Driving through Ireland after midnight is an experience that seems to be understood by RTE Radio. “Late Date” with Alf McCarthy airs on Monday to Friday from 11.25 pm to 2 am, on Saturday and Sunday, the programmes airs from Midnight until 2 am. Alf McCarthy’s skill is creating a sense of community, of making his listeners feel secure, of breaking the isolation one might feel at that night hour.
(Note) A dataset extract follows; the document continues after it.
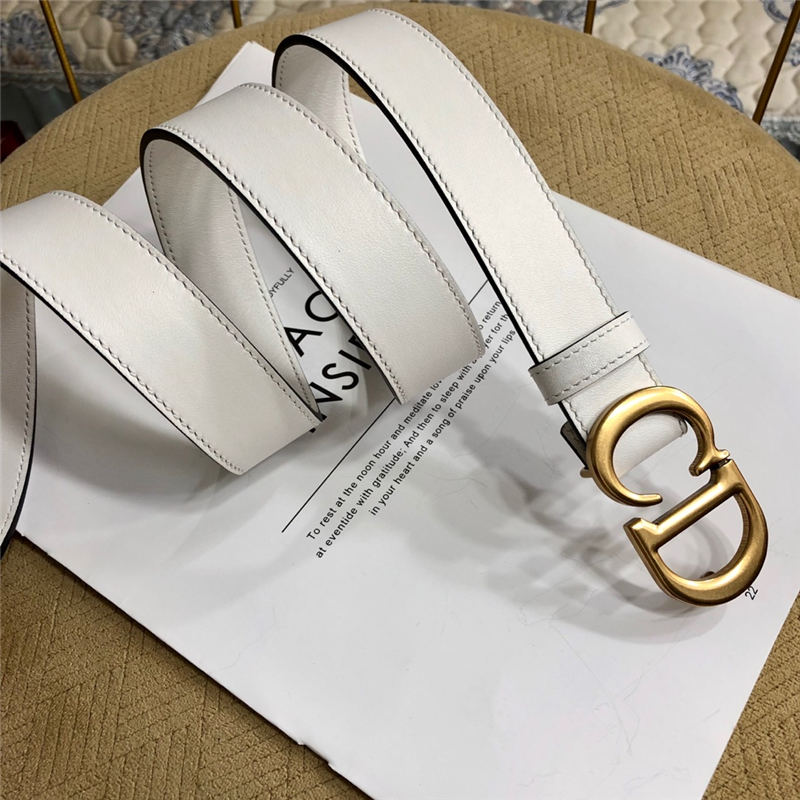 Dior SADDLE BELT 30MM Ultrasoft Calfskin Double White High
His gently reassuring tone would make him a perfect storyteller to those of younger years wanting tales to hush them to sleep.
In childhood years, to be on the road after midnight would have been a very rare occurrence; there were few journeys and few visits that would have required travel at such an hour, yet there are memories of being homeward bound in the car, each pause in a town bringing both a sense of relief that there was not yet need to stir from the warm slumber of the car, but also a disappointment that the softness of a pillow had not yet been reached.
Sleep seemed deeply reassuring, it brought a deep sense of security and reassurance. Its occurrence in writing can create an air of momentary well-being and safety.
There is the line in Sebastian Faulks’ moving novel Charlotte Gray, where Miss Gray is about to be parachuted into Nazi-Occupied France as a spy. An RAF bomber is flying her through the night, deep into occupied territory, and one of the bomber crew announces to her that they are just passing over one of the French cities. It was a reassuring moment to me, the image of an aeroplane moving through a clouded night sky, almost as though it was tiptoeing so as not to wake anyone. The city below was a place I knew from summer holidays, but it was more than that; there is a feeling of safety, of security, in a community asleep below in the deep darkness. Is it perhaps that sleeping people are unthreatening people, or is it that sleep represents a refuge from all the worries of the world?
I remember reading Father Niall O’Brien’s story of his ministry on the Philippine island of Negros, a tale of struggling against violence and oppression. Many of the sugar workers led miserable lives as day labourers, yet there was one moment where Niall O’Brien describes stepping into a hut late at night to be met with darkness in which he could make out the sleeping figures of itinerant workers. Sleep seemed a moment of relief, a few brief hours of respite from the grinding poverty in which they lived.
Perhaps the comfort in listening to Alf McCarthy’s programme is that it can create a place where reality is closed out and where, for a moment, all is well.